Problem to work on
Please reproduce the lines from the one containing "Barn Swallow (Hirundo rustica)" through the end of the data below exactly as they stand, and omit all pictures.

Input data
=== Begin Enclosure ===
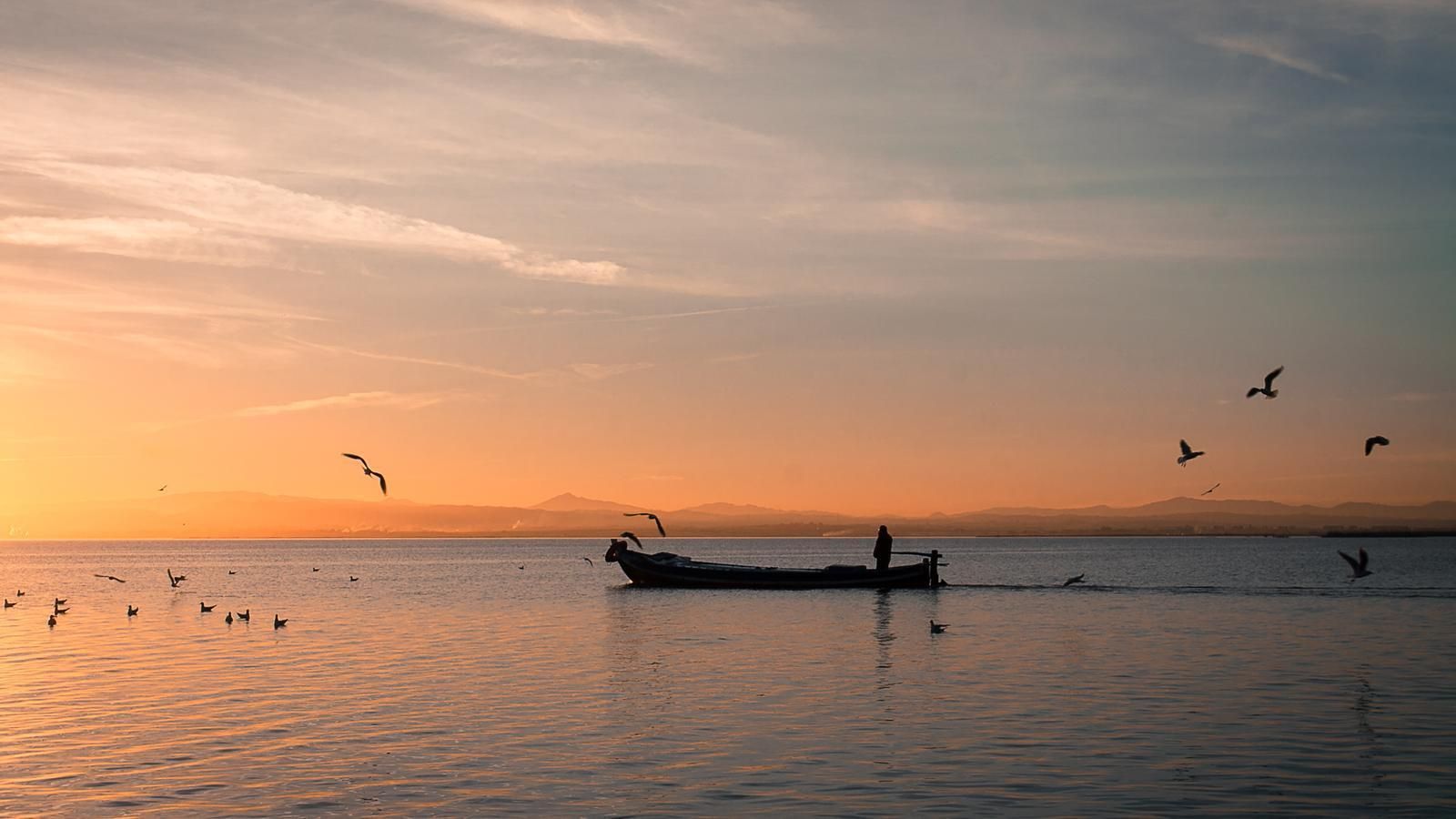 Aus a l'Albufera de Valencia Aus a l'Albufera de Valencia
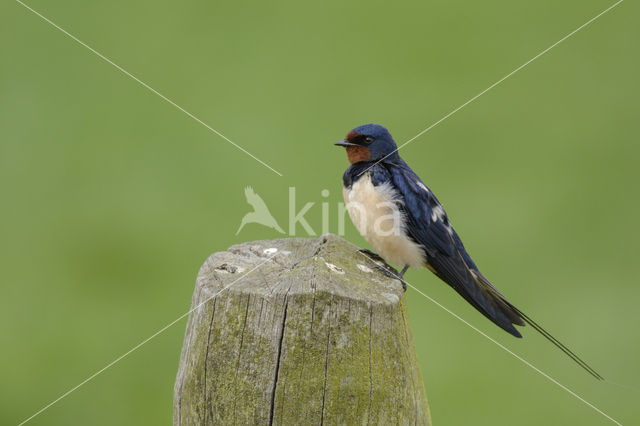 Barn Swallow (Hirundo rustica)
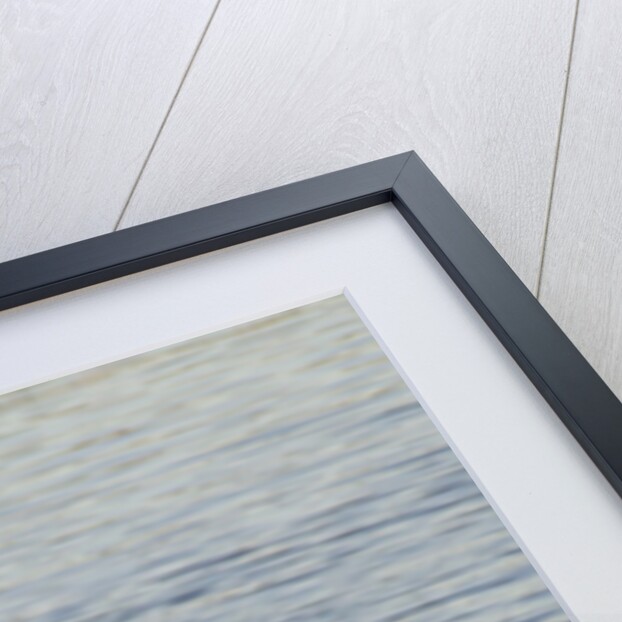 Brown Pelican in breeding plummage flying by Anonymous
=== End Enclosure ===
Solution for this problem
 Barn Swallow (Hirundo rustica)
 Brown Pelican in breeding plummage flying by Anonymous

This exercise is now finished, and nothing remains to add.